There are positives and negatives to the word “Strong” when it comes to labelling a women as such. A woman is often punished for her strength (physically, financially, mentally, emotionally) when others are intimidated. A woman is seen as difficult and unlikable when she stands firm in expressing the full spectrum of emotions…that we all have. But the negatives are almost always about another person’s insecurities and inability to see the complexities in those who aren’t like them. So if you ever think that you should change to fit into someone else’s idealized version of you, don’t. Read my article on Why The World Doesnt Need A Women
Women are strong. This isn’t a quality designated to one gender. Women can be and are physically strong. Women can be and are independent. Women can be and are dependent. It takes a strong person to know when they need to lean on other people. It takes a strong person to get up everyday and keep going when doors slam in your face, when opportunities (raises and bonuses and pay equity from the get go for examples) are not afforded to you because of your gender. It takes a strong person to know their worth and demand it.
For far too long, women were on the sidelines and had no voice, no say, no agency over their lives. Men are never labeled as strong because of the age old tradition and belief that the man is the provider…and how can one provide without the strength to get it all done? The fact is though that they didn’t get it all done by themselves and if they listened to their partners, they could do an even better job in their households. But with any new voice creeping in to make change (demanding autonomy) comes resistance and that resistance is alive and well today.

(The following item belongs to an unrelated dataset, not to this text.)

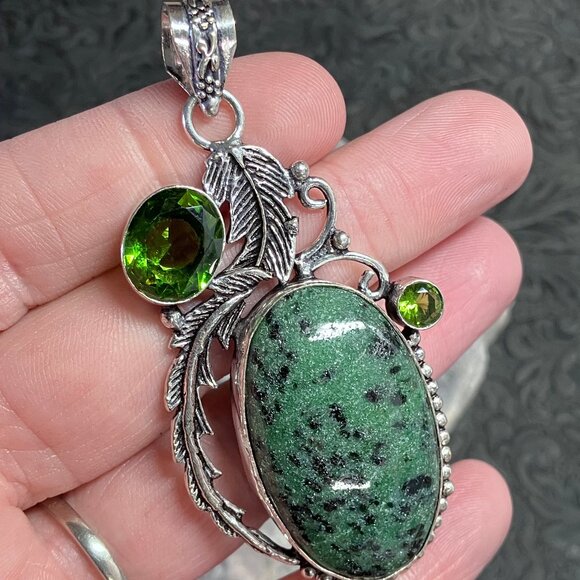 Sparkly Saualpite Zoisite Peridot Feather Pendant Stone Crystal Jewelry - Picture 4 of 6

The threat of not even better but simply making room for a different kind of strength, a more nuanced complexity has caused society as a whole to see the women who are strong, whether they shout out about it from the rooftop or simply live by example, as mean. The resistance to strong women is steeped into the everyday psyche, so much so that women are demonized and made to feel like they should stay in their place. Unseen and unheard. But being seen as mean when you put your foot down and stand up for yourself is so much more valuable than remaining stuck in a loop of self-hatred.
We are taught to love just as we are taught to hate. But we must not allow society to tell us to hate ourselves and fix ourselves in every which way. This is damaging not only financially but it is physically, mentally, and emotionally draining. We are told we are weak if we express our femininity in a certain way, if we don’t fight back a certain way, if we go against the status quo in any way. We are weak if we let fear rule our lives. Well, this last one may be true for everyone, not just for women. So I implore you to think about what makes us weak as a human race and how as a woman, you can turn those weaknesses on their heads and use them as a weapon to smash the glass ceiling.

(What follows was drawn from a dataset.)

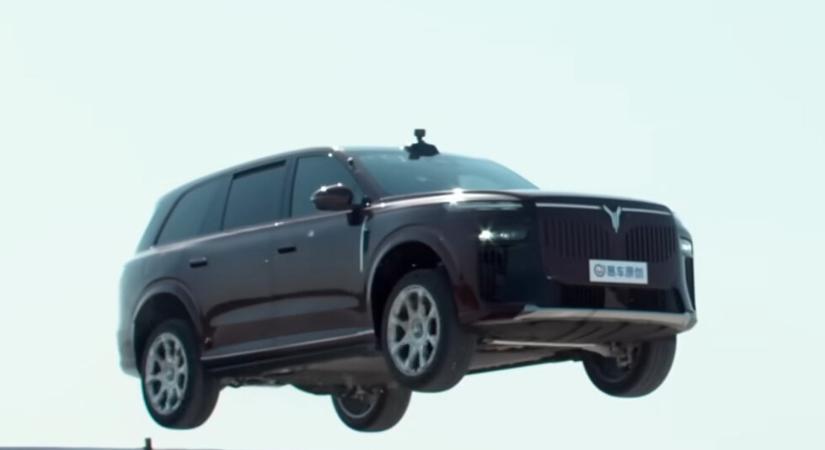 Brutális teszt: 20 métert ugrattak a családi SUV-val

My top three suggestions for how to be a BAMF
1) be unapologetic in who you are, what you stand for, and what you earn
2) lead with love because love humbles people in ways that they may never reveal to you, even if one interaction with you changes the course of how they see their lives
3) don’t be ashamed of your weaknesses, we all have them. Do what you can to learn how to live with them. Embrace the faults. Take in stride. Adjust as necessary to the extent that you can. Laugh. Live. Because if you don’t love and respect all of you, how can you expect anyone else to?
We were labeled as strong because we were finally kind to ourselves, recognizing ourselves and all we had to offer. Don’t forget to carry it out. Because you are strong, even if you don’t see it. Your voice carries your strength for you.